DIRECTIONS >> Write out the data below exactly as given, without any of its pictures.

SUPPLIED MATERIAL >>
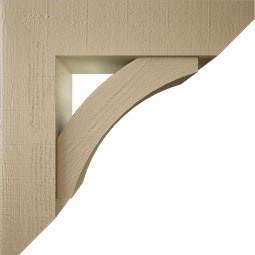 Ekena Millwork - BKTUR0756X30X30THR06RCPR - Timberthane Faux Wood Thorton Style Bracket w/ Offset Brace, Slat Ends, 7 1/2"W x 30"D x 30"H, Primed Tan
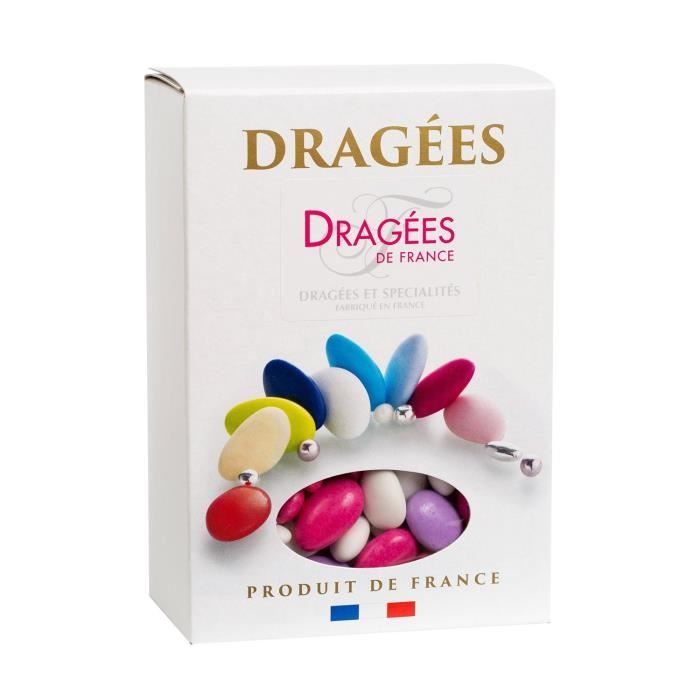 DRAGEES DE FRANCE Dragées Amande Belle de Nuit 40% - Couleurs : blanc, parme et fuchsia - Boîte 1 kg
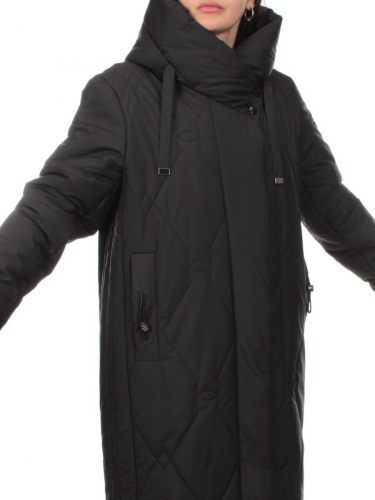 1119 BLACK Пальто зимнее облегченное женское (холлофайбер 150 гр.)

ANSWER TO THE PROBLEM >>
 Ekena Millwork - BKTUR0756X30X30THR06RCPR - Timberthane Faux Wood Thorton Style Bracket w/ Offset Brace, Slat Ends, 7 1/2"W x 30"D x 30"H, Primed Tan
 DRAGEES DE FRANCE Dragées Amande Belle de Nuit 40% - Couleurs : blanc, parme et fuchsia - Boîte 1 kg
 1119 BLACK Пальто зимнее облегченное женское (холлофайбер 150 гр.)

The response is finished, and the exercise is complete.